The staging is simple but ingenious; the floor and three walls covered with graph lines which serve as a visual introduction to the fundamental workings of Christopher's mind; his preference for logic and difficulty in understanding anything not black-and-white, like metaphors or human emotions. Christopher is writing his book as a record of his investigation into the pitchforking of his neighbour's dog Wellington and the premise for this adaptation is that Siobhan, Christopher's teacher at his special needs school, has suggested turning his book into a play.
Acted by Niamh Cusack, Siobhan provides much of the narrative in reading out extracts as Christopher's investigations uncover much more than he originally anticipated; he meets his neighbours and resolves the mystery of his mother's disappearance as well as Wellington's untimely death. And his decision to track his mother down in London leads him to embark on a hazardous train journey from his home in Swindon, challenging the limits of his ability to interpret the world. His explanation of all the detail he sees when looking out of the train window, compared with the filtered vision of most of the passengers, is a wonderfully lucid insight into the workings of his mind, the logical way in which he processes information and the reason he finds comfort and beauty in the language and certainties of mathematics.
The problem in having great expectations, is that the play has a lot to live up to before it even begins and having seen so many trailers beforehand I'd already discounted some of the brilliance of Bunny Christie's staging and Ian Dickinson's sound. Initially I have to admit to being slightly underwhelmed; Niamh Cusack was a bit too breezy for me, her voice a little strained and I was unprepared for the amount of reading she would be doing on Christopher's behalf. We'd booked our tickets on a Wednesday specifically to see Luke Treadaway in the role and were surprised when Johnny Gibbon appeared instead; I knew one of my daughters in particular was bound to be disappointed.
Once Christopher took ownership of some of the narrative, however, it was impossible not to be drawn in. Because the play uses Christopher's voice it's very true to the book and allows the same insights into his world. Although we don't have Luke Treadaway's performance to compare with, Johnny Gibbon is wonderful as Christopher, even more so as this is his professional stage debut - he was entirely convincing and surely has a bright future ahead of him. It's much to his credit that by the end of the performance, my daughter was cheering for Johnny (a graduate of Bristol Old Vic Theatre School, after all!) and not even concerned that she hadn't seen Luke.
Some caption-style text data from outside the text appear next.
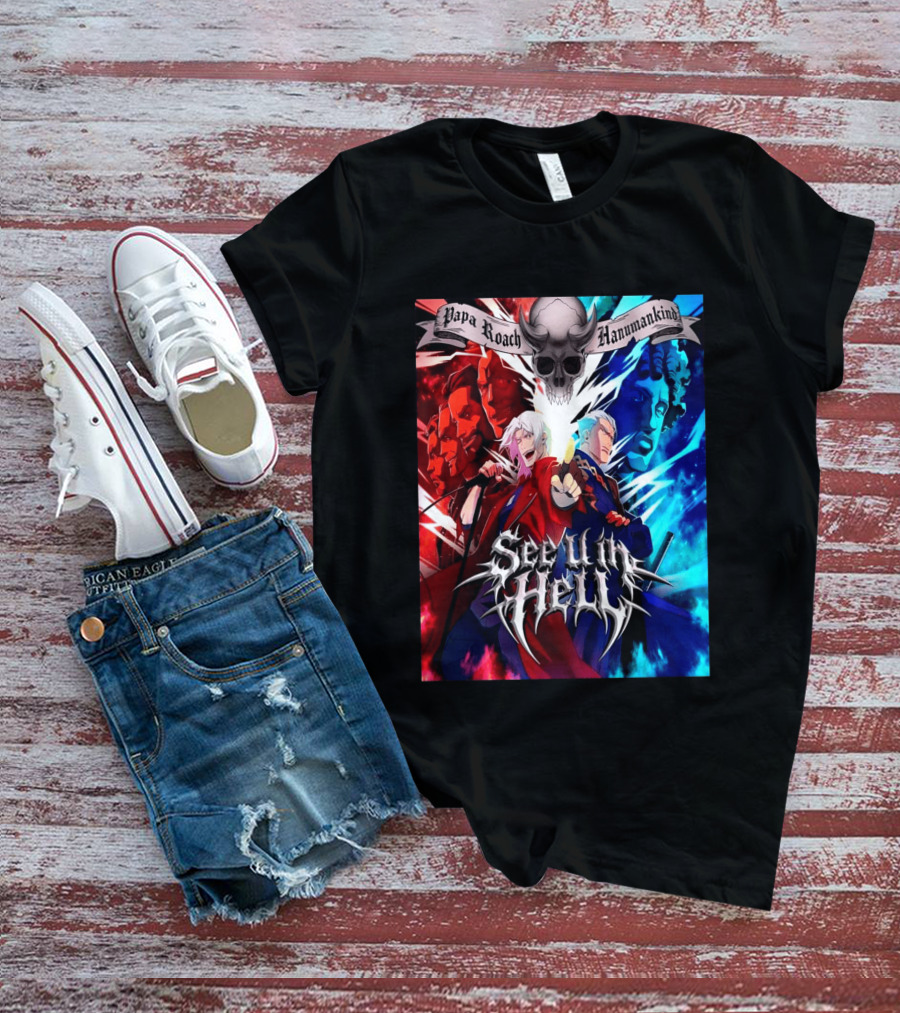 Papa Roach Hanumankind Devil May Cry Season 2 See U In Hell Song T-Shirt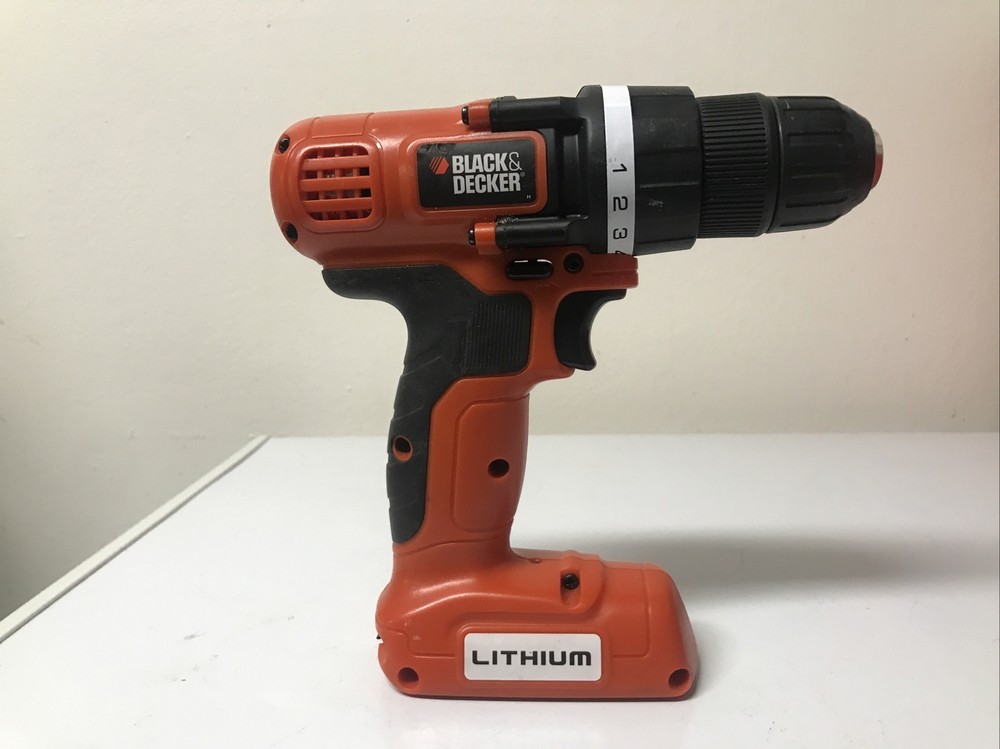 Black & Decker Lithium Cordless Drill 7.2 Volt Number Ldx172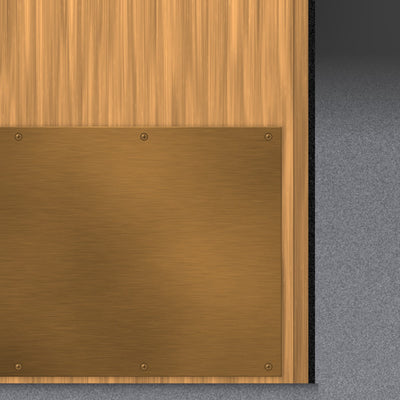 Made To Order Kick Plates & Door Protection Plates - 1.2mm Thick - Antique Brass (Lacquered)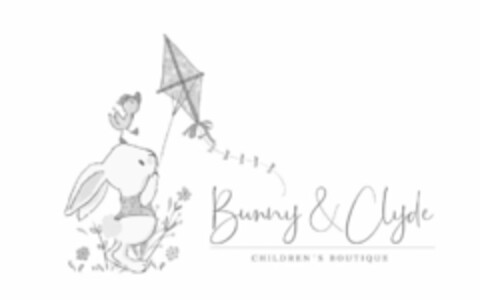 BUNNY & CLYDE CHILDREN'S BOUTIQUE Logo (USPTO, 15.07.2019)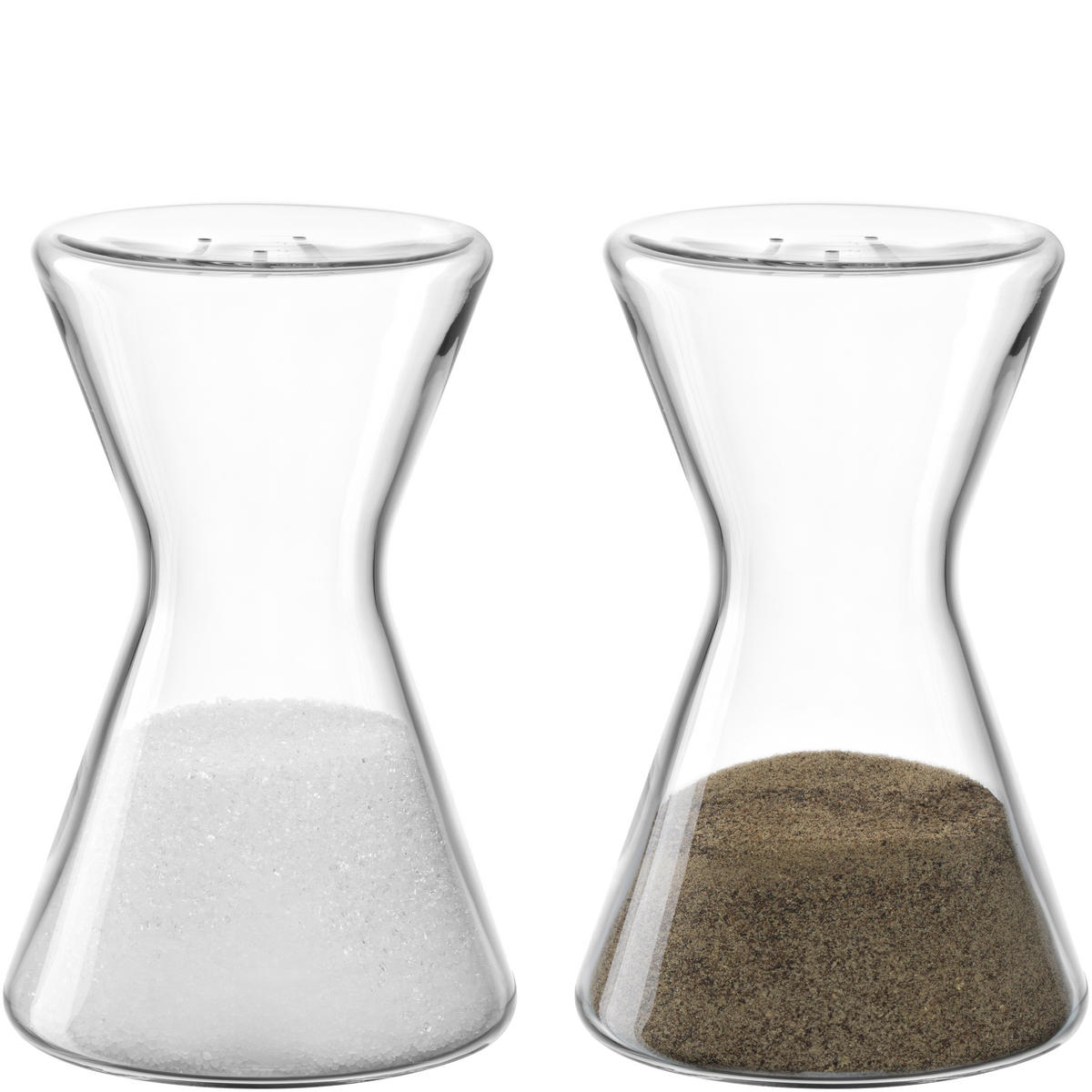 SALZ- UND PFEFFERSTREUER GIORNO  - Klar, Glas/Kunststoff (4,9/7,7/4,9cm) - Leonardo
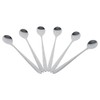6 Piezas De Cucharas De Mango Largo, Cucharas De Acero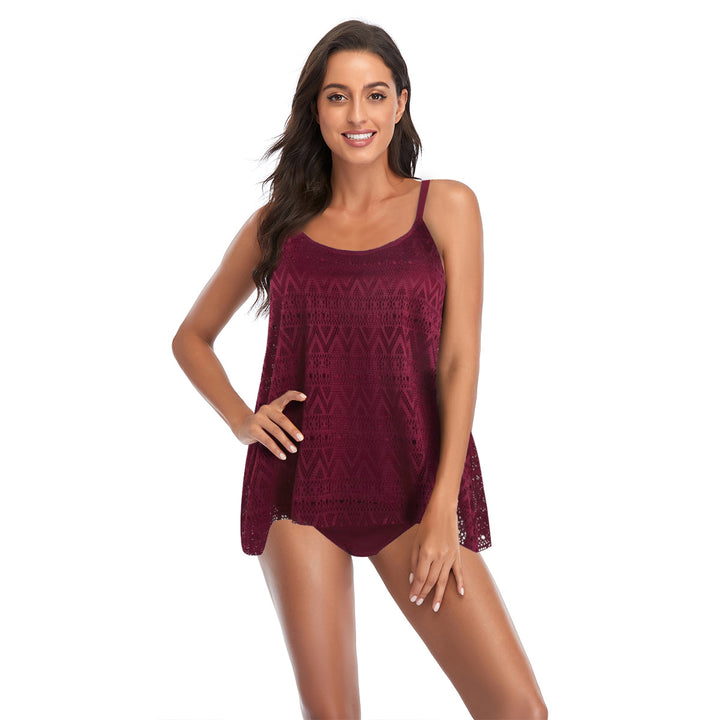 Damen elegantes Strandtop mit modischem Lochmuster Echo Archiv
As Christopher's story unfolds, the transformation of the set into houses, roads, trains and particularly the platform at Paddington Station is quite simply breathtaking. The movement, choreographed by physical theatre company Frantic Assembly, is also urgent and mesmerising, particularly when Christopher dreams of being an astronaut and during his personal odyssey on the train, walking on walls, with the world speeding up around him. Sean Gleeson and Holly Aird are movingly estranged and troubled as Christopher's parents, struggling to cope with the care of a vulnerable son who doesn't like to be touched and doesn't fit into the world around him. The ensemble cast switch roles seamlessly as the action swings between bleakness and hilarity, and the ending and appendix, emerging against over-whelming odds, are touching, uplifting and yet always totally believable.
See it if you can - however great your expectations, you won't be disappointed.